To further unpack each of the affordances for physics of the computational thinking practices observed, we analyzed our data sources for rich examples of the practices to explicate the students’ engagement with them. In order to understand the affordances of integrated physics and computing learning, we asked driving evidentiary questions designed to explicate student actions associated with engaging integrated physics and computing. In other words, around each CT practice, we asked questions specific to what we would expect students to do in evidencing a specific CT practice within a physics setting. With these questions in mind, we moved forward in examining our data for evidence of these practices as well as counter evidence of students unable or not afforded opportunities to engage these practices.

Abstractions and Pattern Generalizations (Including Models and Simulations)

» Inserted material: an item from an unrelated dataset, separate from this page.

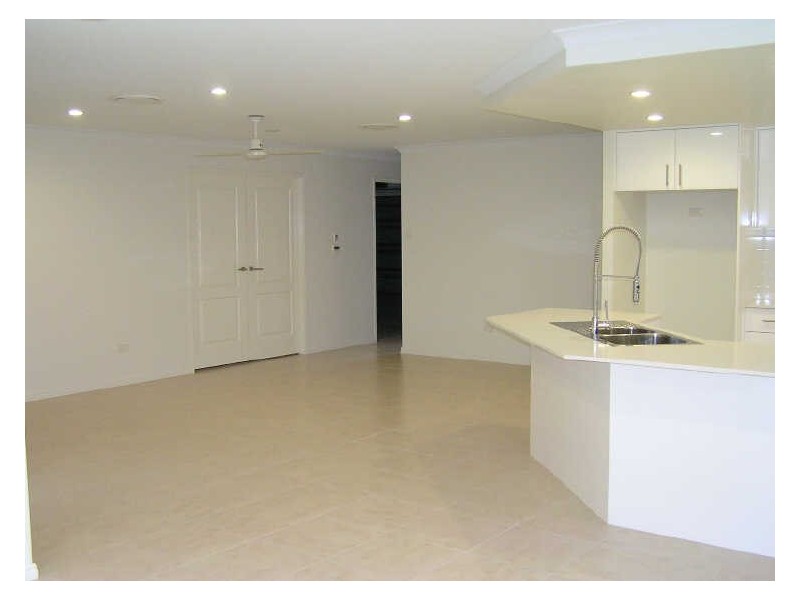 3 Dartmouth Close, Clinton QLD 4680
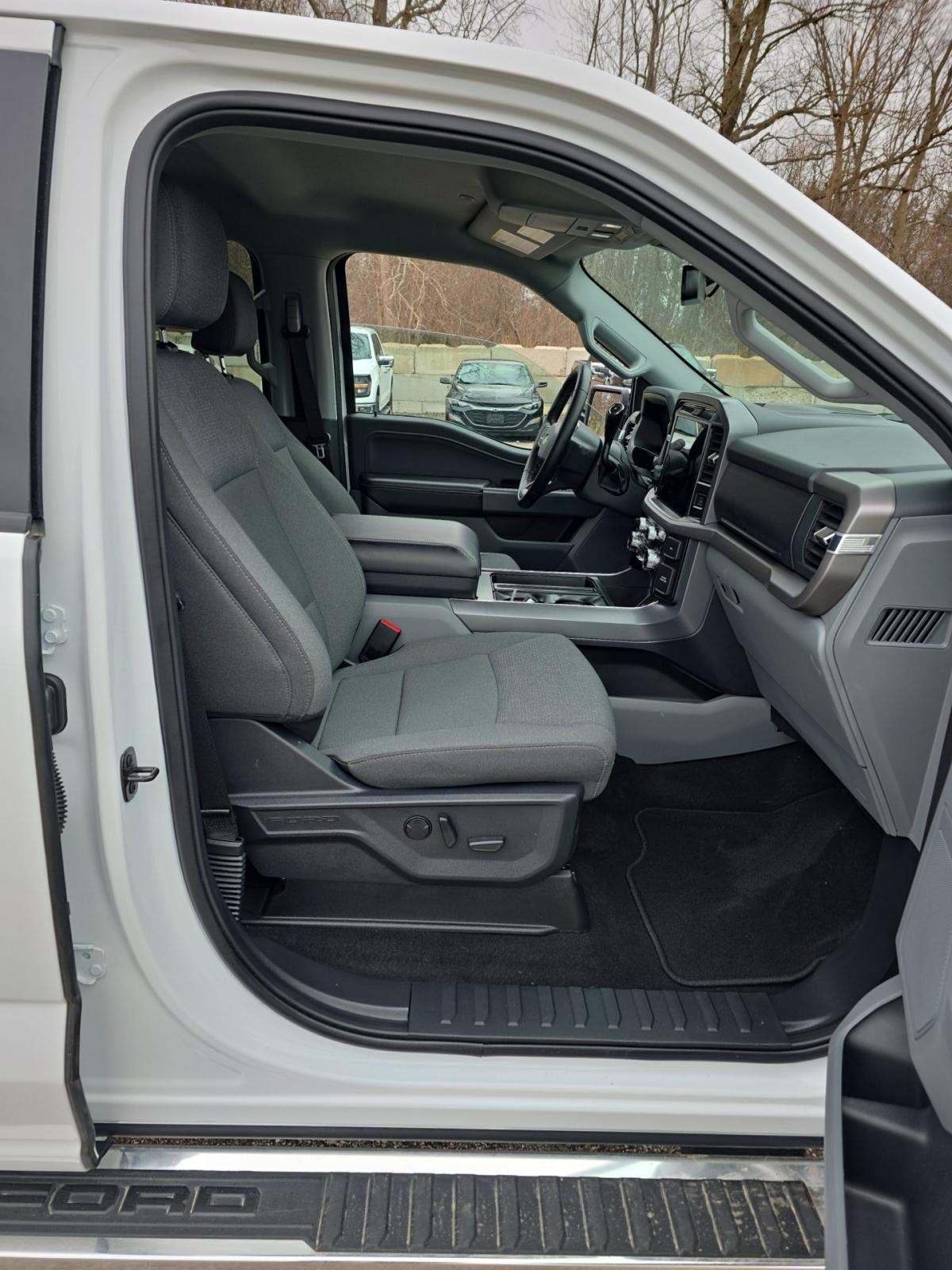 2025 Ford F-150 XLT AWD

In reflecting on abstraction and pattern generalization, we expected students to be able to operationalize those broader practices into specific actions that would be observed. In our analysis, we asked ourselves “Can students work with incomplete information? Can students ignore information they deem unimportant to their goal?” The answers to those questions, we felt, would represent the specific actions and behaviors relevant to physics education that were tacet to this computational thinking practice.

While engaged in the Roller Coaster Myth Buster (RCMB) unit, students engaged in the practices of abstraction and generalization. Specifically, students’ t-shirt projects served to act as a visualized model of the gravitational forces associated with motion. Students discussed their experiences on roller coasters and cars, noting “it’s that feeling in your stomach going downhill in the car. It always happens to me. What does that feeling mean?” Students took embodied experiences from their daily life and extrapolated from them to discuss the scientific physical forces at play. Each student built his or her own t-shirt to meaningfully measure gravitational force on the ride of their choosing in accordance with abstract models of the physical mechanics.

Further, students engaged in abstraction when they needed to modify their teacher’s existing project to one that met the constraints of the specific ride they had chosen to examine. While the teacher designed and prototyped a working coded model for measuring g-force on a traditional roller coaster, the students generated abstractions of this example to then customize their own instantiations for two different coded projects that looked at measuring the forces at play on other types of rides. One of those rides was a slingshot style roller coaster which shot students straight up in the air and straight down again. Students learned through this process that while they wanted to measure only the upward g-force, the original design measured both the force going upwards as well as the counterforce, which led to rich discussions among students. One student noted:

  • This is getting tricky. So we were only thinking about the force going up, but there’s the force of gravity bringing us back down. How do we measure those forces? What do we call them? Now I have to find out how to code something that is the same but the opposite of what I am trying to measure.

Students then used their chairs to try to isolate the changes in forces by jumping up off chairs and then simply jumping straight off of them. The teacher required them to continue the experimentation process until they were able to articulate the physics at play and conceptualize a way to code the accelerometer to record the desired data (i.e., an abstraction of the phenomenon to be modeled). Students also recognized the accelerometers measure acceleration values nearing 9.8 m/s2 when standing still, and that this value can be commonly categorized in a gravitational force equivalent, or g-force, rating as 1 g. Students used this understanding to also further build and test code that would light up LEDs in multiples of g-force values experienced. This meant they also needed to incorporate some mathematical algorithms in their code to compute various g-forces from the accelerometer’s acceleration values. As visible in Fig. 1, the lights on the microprocessor, being used as an external visual of force, change from on when the student is standing still to off when the student achieves the coded threshold of force by jumping.

Fig. 1
figure 1

Student jumping and testing coding for forces

Systematic Processing of Information

In reflecting on systematic processing of information, we expected students to be able to operationalize this broader practice into specific observable actions. We asked ourselves “Can students engage large swaths of data or information in a meaningful and reasoned way? Do they engage a process and/or tools when they attempt to work with data?”.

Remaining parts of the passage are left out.